O telefone chamou uma, duas, três vezes. A voz dele soou distante, abafada por música alta e risos.
"Sofia? Passa-se alguma coisa? Estou no meio da festa de aniversário da Clara."
A voz dele era despreocupada, feliz.
"Pedro, o dinheiro. O dinheiro da casa desapareceu."
Houve uma pausa. A música ficou mais baixa.
"Ah, isso. Esqueci-me de te dizer."
Esqueceu-se.
"O que é que te esqueceste de dizer, Pedro?"
A minha voz saiu fria, sem emoção. Eu já sabia, de alguma forma. Senti um vazio a crescer no meu peito.
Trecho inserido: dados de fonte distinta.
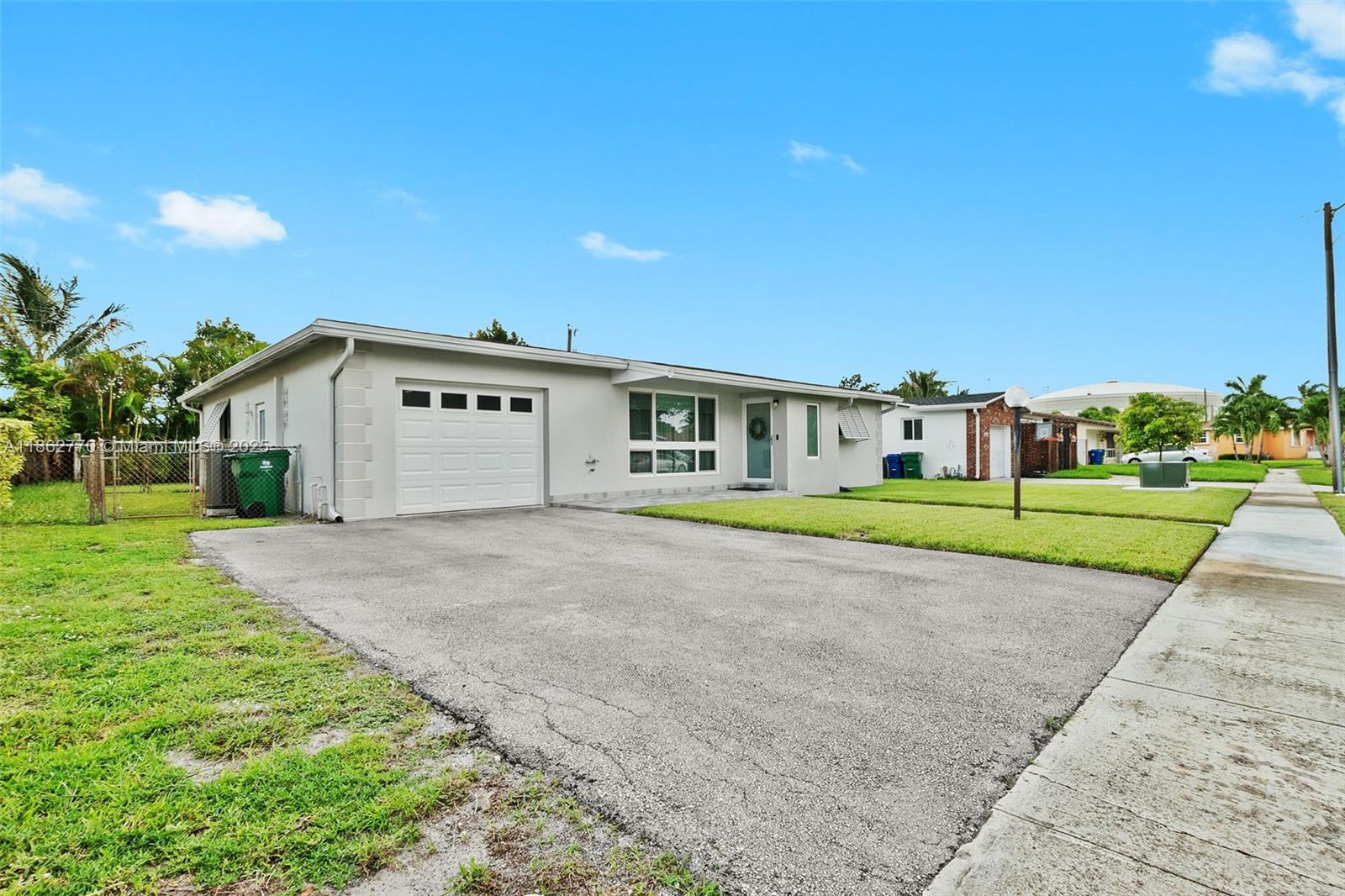 2241 SW 67th Way, Miramar FL 33023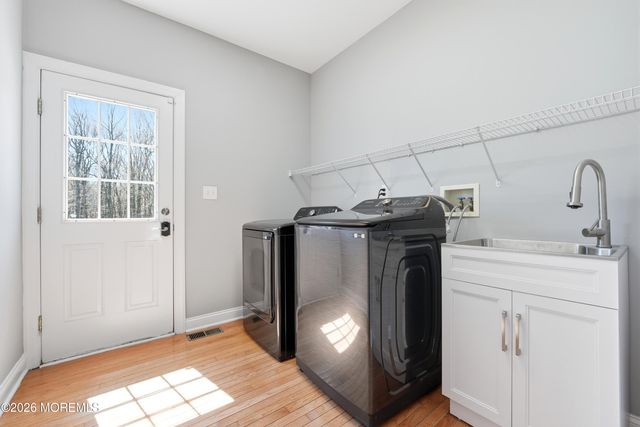 9 Sugar Loaf Hill, Millstone, NJ 08510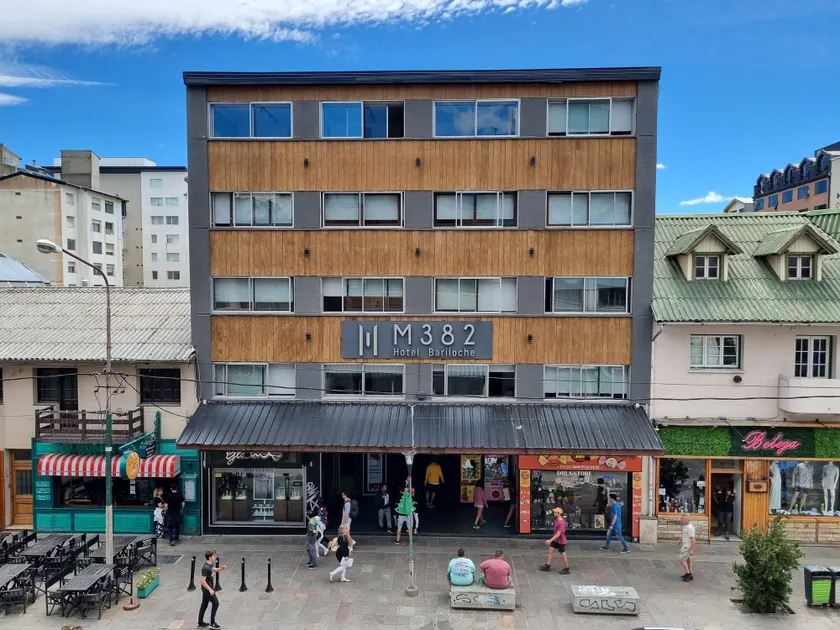M382 Hotel Bariloche - Image 1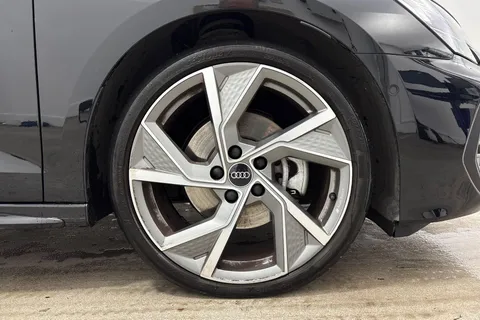 DK25XLS Audi A3 Black Edition 35 TFSI  150 PS S tronic Thumbnail #11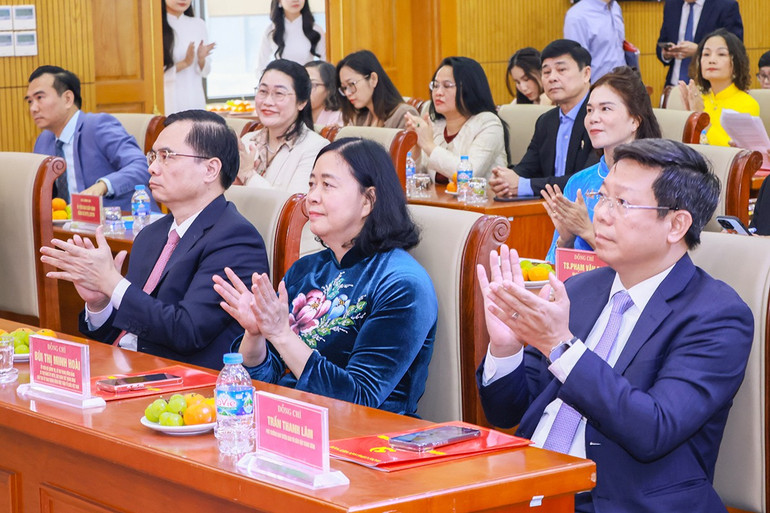 Đồng chí Bùi Thị Minh Hoài và đại diện các ban, bộ, ngành, đoàn thể đến dự buổi lễ.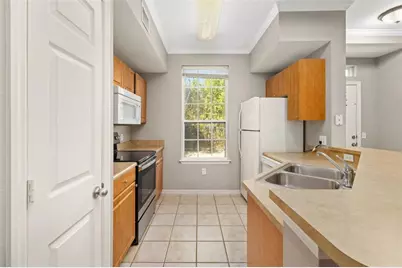 5501 Rosehill Road #103, Sarasota, FL 34233 - Photo 8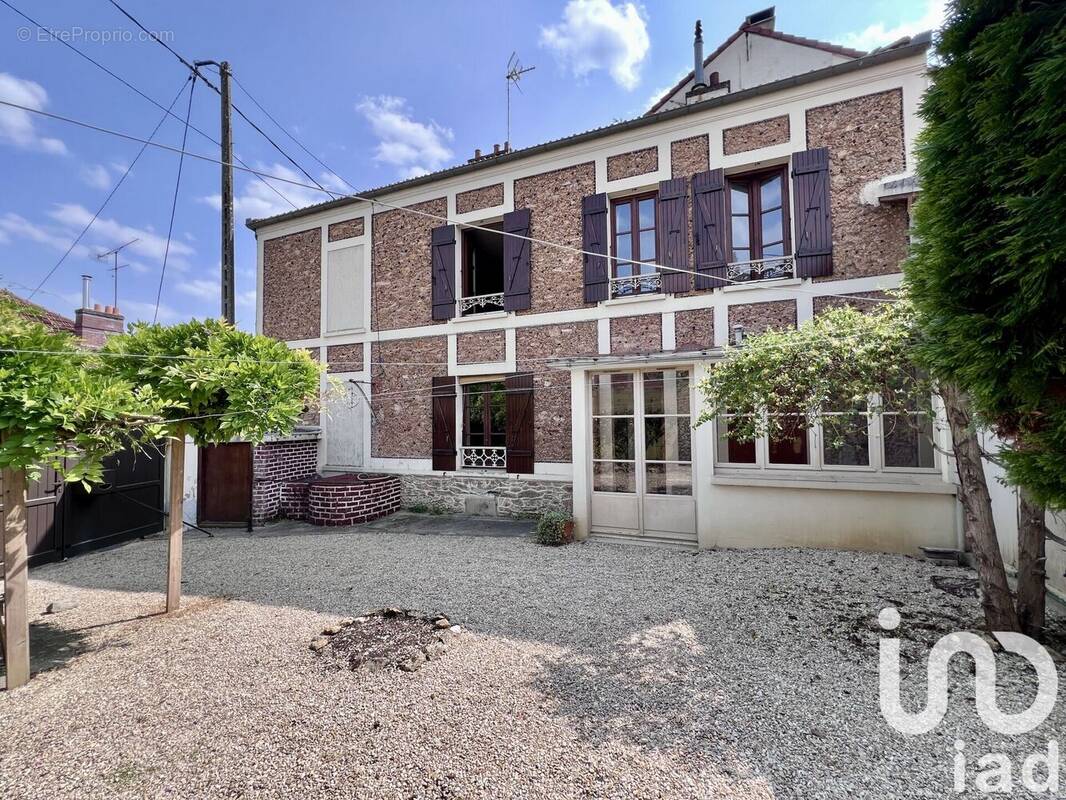 Photo 1 - Maison à TOURNAN-EN-BRIE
"A Clara precisava de um empréstimo. Para o novo negócio dela. Eu transferi o dinheiro para ela na semana passada."
Na semana passada.
Ele sabia há uma semana que o nosso sonho tinha sido destruído, e esqueceu-se de me dizer.
"Todo o dinheiro, Pedro?"
"Sim, era urgente. Mas não te preocupes, ela vai devolver. Ela prometeu."
A voz da irmã dele, Clara, gritou ao fundo, a rir.
"Pedrinho, vem cortar o bolo! Deixa o telefone!"
Ele respondeu-lhe, não a mim.
"Já vou, mana!"
Depois, voltou a falar comigo, com um tom de impaciência.
"Olha, Sofia, não vamos estragar a festa da minha irmã por causa disto. Falamos quando eu chegar a casa. É só dinheiro."
Ele desligou.
Eu fiquei a olhar para o telemóvel, para o saldo de 17,45€.
Não era só dinheiro.
Era o nosso futuro. O meu trabalho. A minha confiança nele.
E ele tinha dado tudo à irmã.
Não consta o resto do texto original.